Onur Öymen, pandoranın kutusunu açtı

Devlet partisi CHP’nin Genel Başkan Yardımcısı Onur Öymen’in sırf açılıma muhalefet etmek amacıyla “Şeyh Sait isyanında analar ağlamadı mı? Dersim isyanında analar ağlamadı mı?” şeklinde konuşması pandoranın kutusunu açtı. Kemalist zihniyetin halka karşı egemenliğini kabul ettirmek amacıyla uyguladığı şiddet politikalarının dehşetengiz sonuçlarından biri olan Dersim katliamı, sistemin mantığını anlamak için de bir yüzleşme imkanı sağlayabilir. Dersim’e yapılan harekâtlar, Alevi halkını imha etmeyi amaçlamıştır. Tektipleştirmeyi ve devlet otoritesini tesis etmeye çalışan egemenler bu uğurda Alevileri mağaralara doldurup zehirli gaz kullanmaktan dahi çekinmemişlerdir. İhsan Sabri Çağlayangil, olayları anlatırken “Mağaralara iltica etmişlerdi. Ordu zehirli gaz kullandı. Mağaraların kapısının içinden. Bunları fare gibi zehirledi. Yediden yetmişe o Dersim Kürtlerini kestiler. Kanlı bir hareket oldu. Dersim davası da bitti. Hükümet otoritesi de köye ve Dersim’e girdi. Dersim böyle bitti.” sözleri yaşanan dramın boyutlarını ortaya koymaktadır.

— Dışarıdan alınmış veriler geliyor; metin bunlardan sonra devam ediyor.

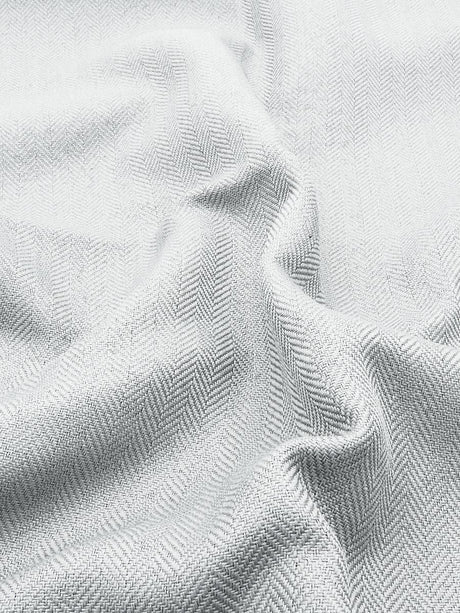 Scalamandre Aretha Whisper White Fabric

Havalardan yağdırılan bombalarda Sabiha Gökçen’in imzasının da bulunması ise yaşananların boyutlarını ve sorumlularını görme açısından ayrı bir değer taşımaktadır.

Dersim’de yapılan katliamda binlerce Alevi hayatını kaybetti. Binlercesi sürgün edildi. CHP’li Öymen’in sözleri her ne kadar Kemalizm’in faşizan yönünü ortaya koysa da, uygulanan katliam politikaları dolayısıyla bugüne kadar herhangi bir sahici yüzleşme gerçekleşmiş değil.

Şimdi, bu konuyu da konuşma zamanı. Dersim’de yaşananlar, hem Alevi halkının hem de Türkiye’nin insanlarının Kemalizm’le bir kez daha hesaplaşmasına kapı aralamalıdır.